Data supplied:
━━━━━━━━━━━━━━━━━━━━━━━━━━━━━━

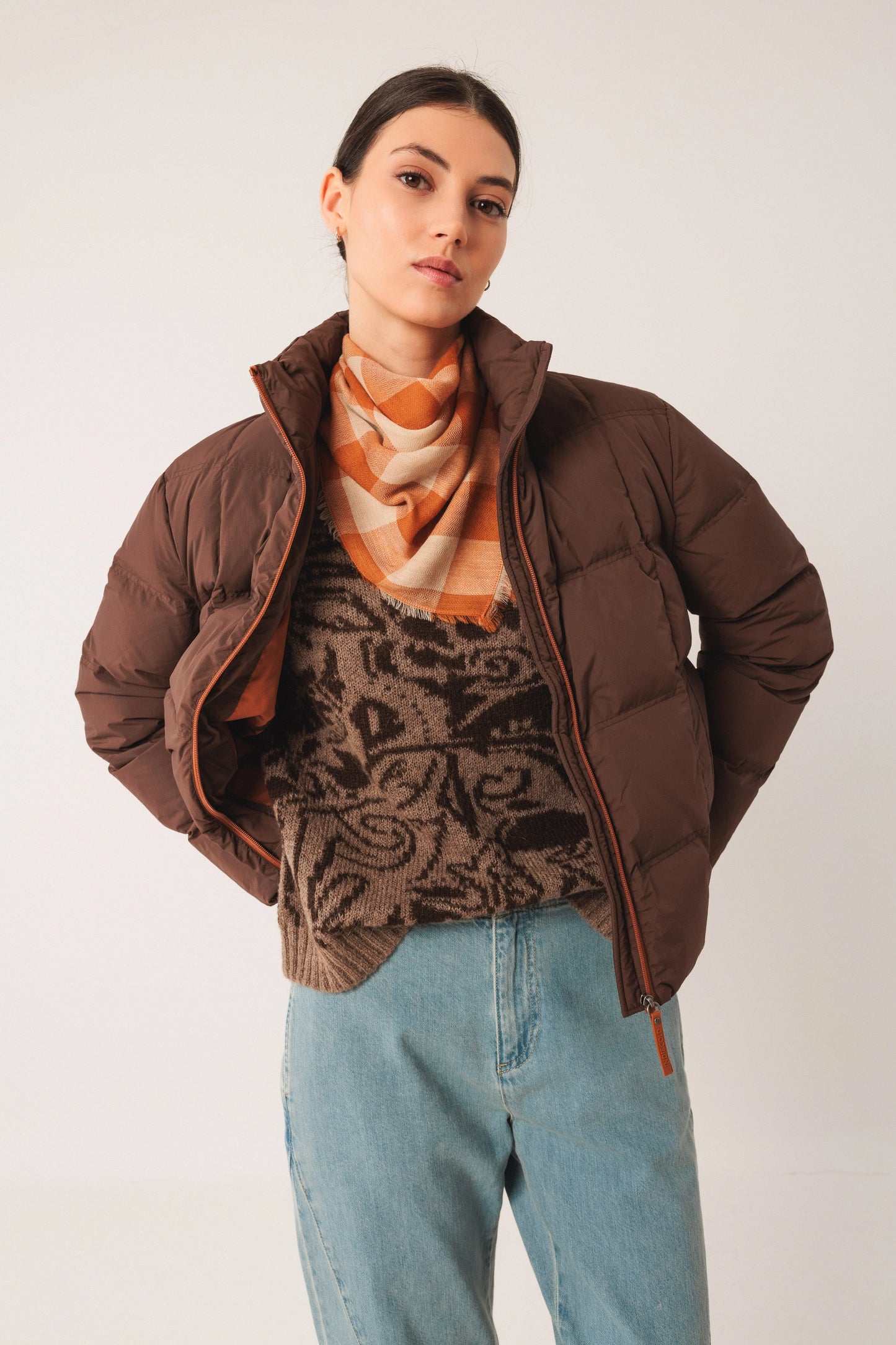 Woman in brown puffer jacket, patterned sweater, orange scarf, and blue jeans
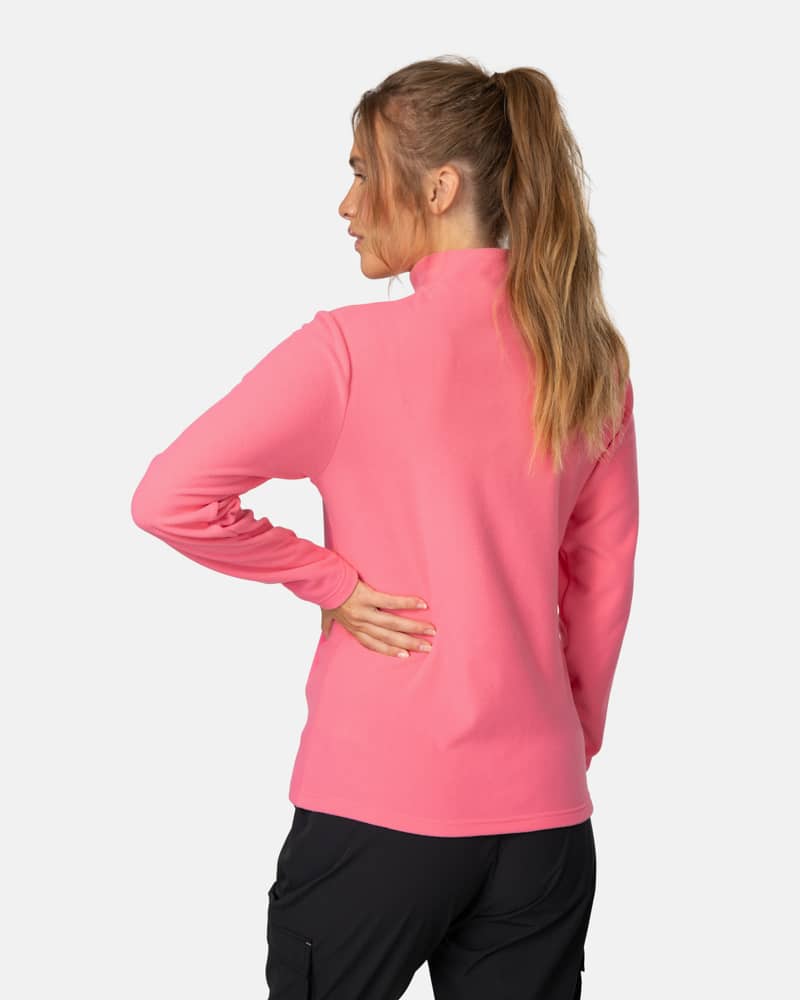 Side view of a woman in the pink Kari Traa Kari Full Zip Fleece, showing the comfortable high collar.
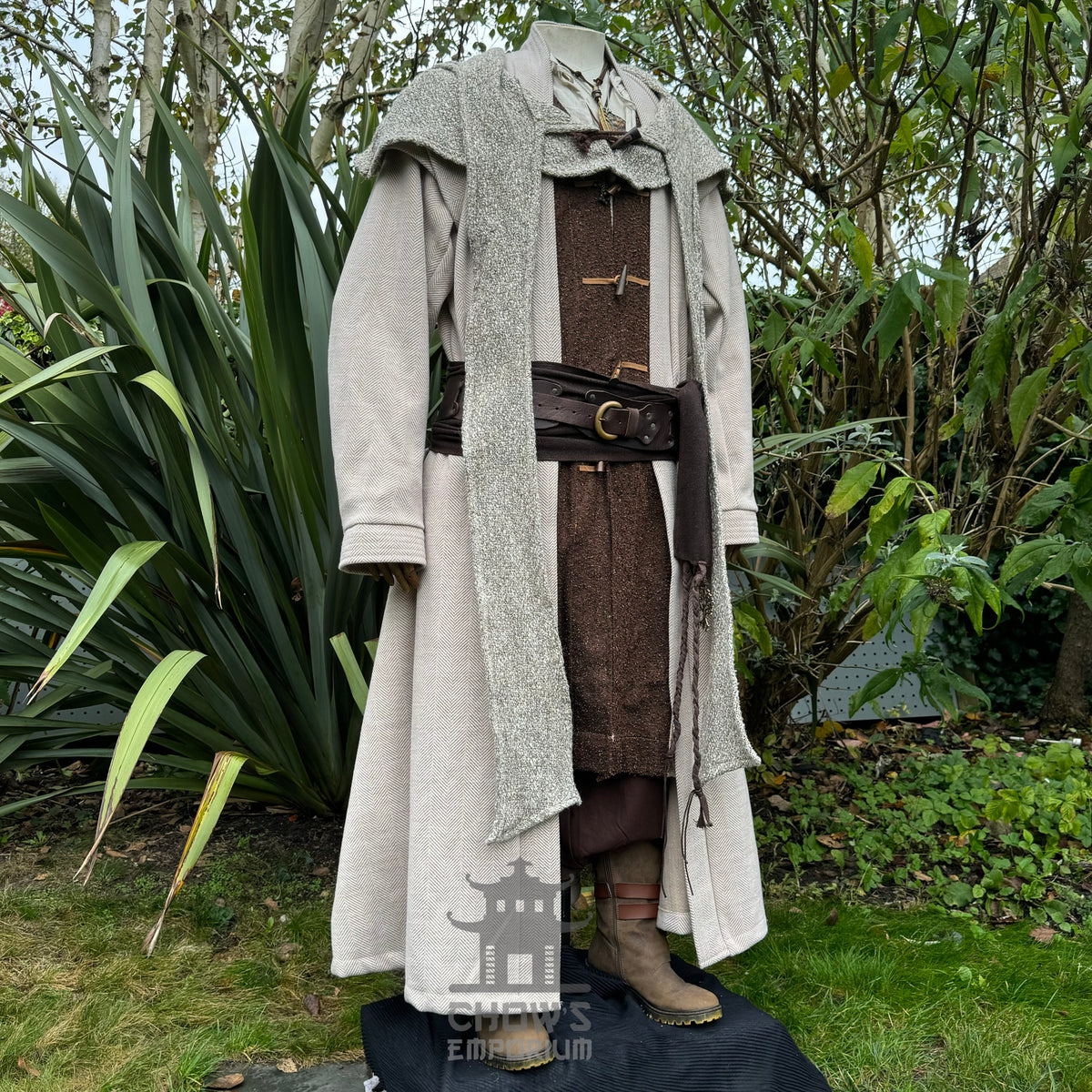 Oatmeal wool scarf hood draped over medieval costume.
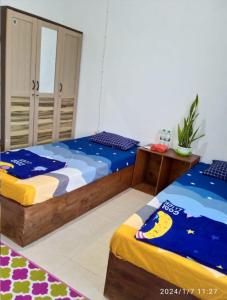 a bedroom with two beds and a night stand at WismaALAS Syariah Guesthouse in Sintang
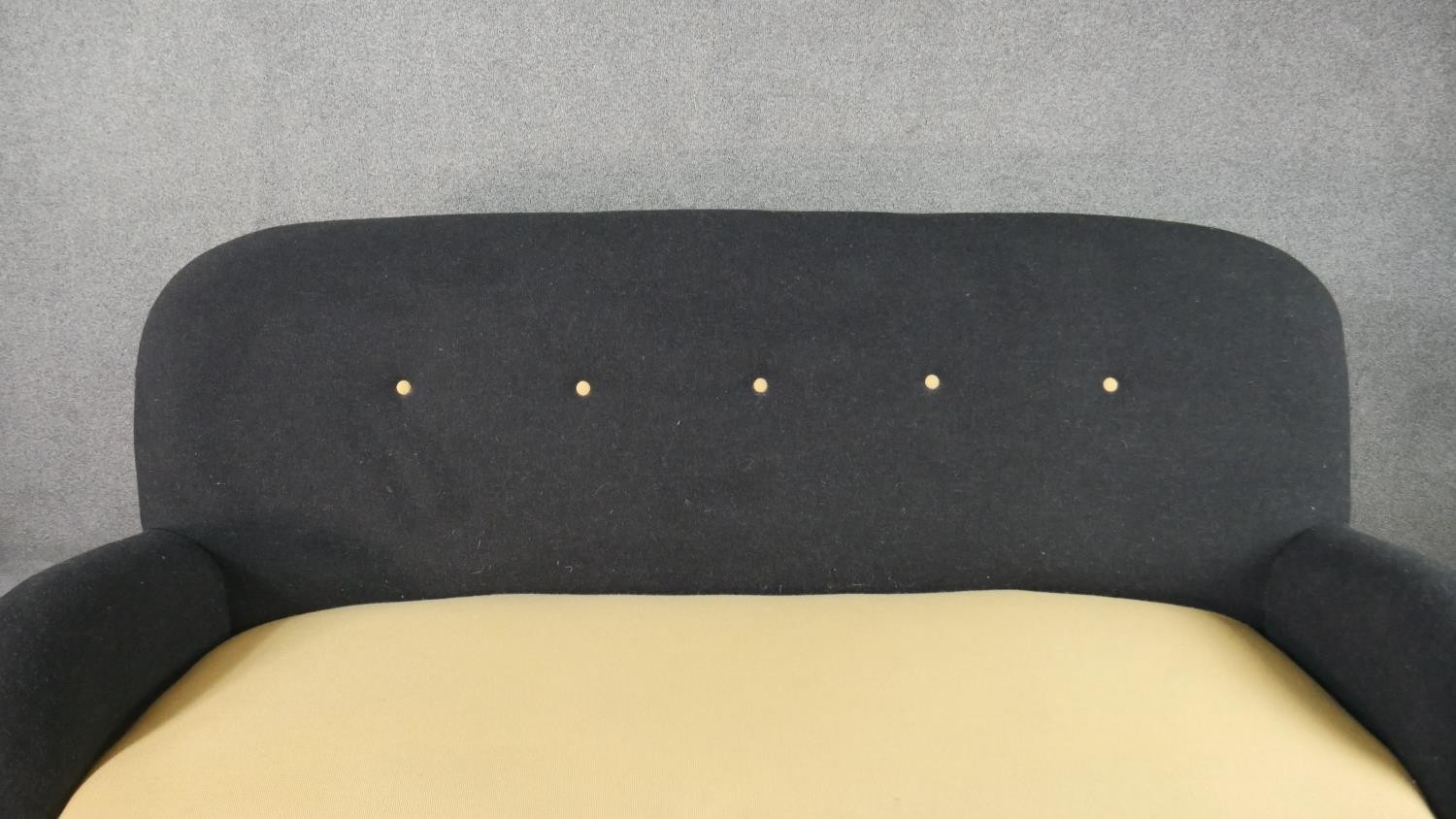 A circa 1950s two seater sofa,, the buttoned back upholstered in black fabric, over a yellow - Image 3 of 6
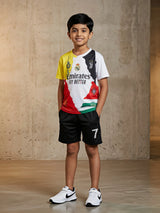 Young boy smiling while wearing a multi-color football-inspired t-shirt with red, yellow, and white panels and matching black sports shorts with a number 7 print.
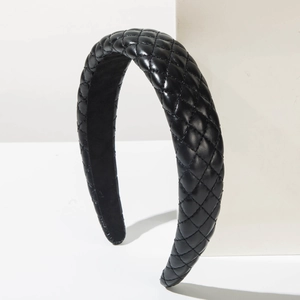 Quilted black leather padded headband with elegant diamond stitching on a white stand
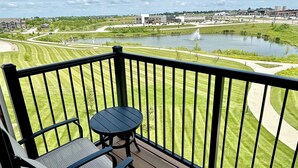 Een balkon met uitzicht op een meer, een golfbaan en gebouwen in de verte.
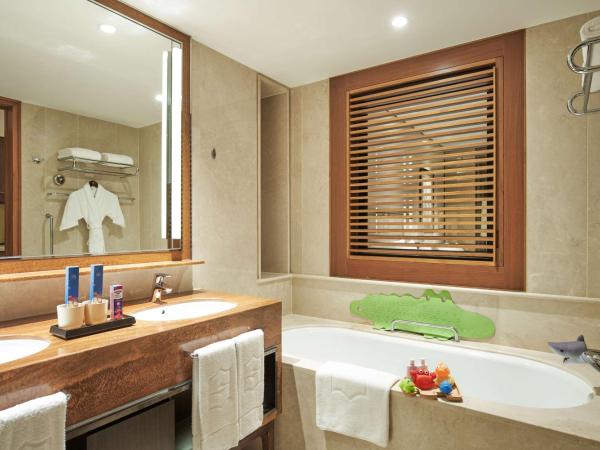 Shangri-La Singapore : photo 6 de la chambre hébergement familial lit king-size deluxe avec terrasse - aile jardin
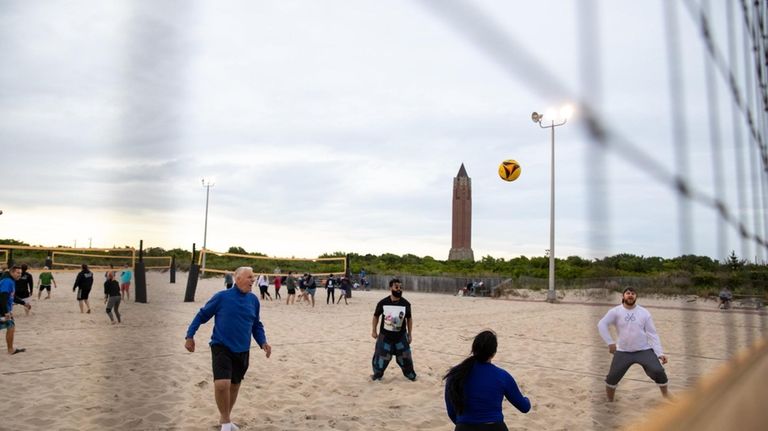 Beachgoers play volleyball near sundown at Jones Beach in Wantagh,...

━━━━━━━━━━━━━━━━━━━━━━━━━━━━━━

What to do:
The reply must match the records exactly, apart from the pictures, which are left out.

Finished exercise:
 Woman in brown puffer jacket, patterned sweater, orange scarf, and blue jeans
 Side view of a woman in the pink Kari Traa Kari Full Zip Fleece, showing the comfortable high collar.
 Oatmeal wool scarf hood draped over medieval costume.
 a bedroom with two beds and a night stand at WismaALAS Syariah Guesthouse in Sintang
 A circa 1950s two seater sofa,, the buttoned back upholstered in black fabric, over a yellow - Image 3 of 6
 Young boy smiling while wearing a multi-color football-inspired t-shirt with red, yellow, and white panels and matching black sports shorts with a number 7 print.
 Quilted black leather padded headband with elegant diamond stitching on a white stand
 Een balkon met uitzicht op een meer, een golfbaan en gebouwen in de verte.
 Shangri-La Singapore : photo 6 de la chambre hébergement familial lit king-size deluxe avec terrasse - aile jardin
 Beachgoers play volleyball near sundown at Jones Beach in Wantagh,...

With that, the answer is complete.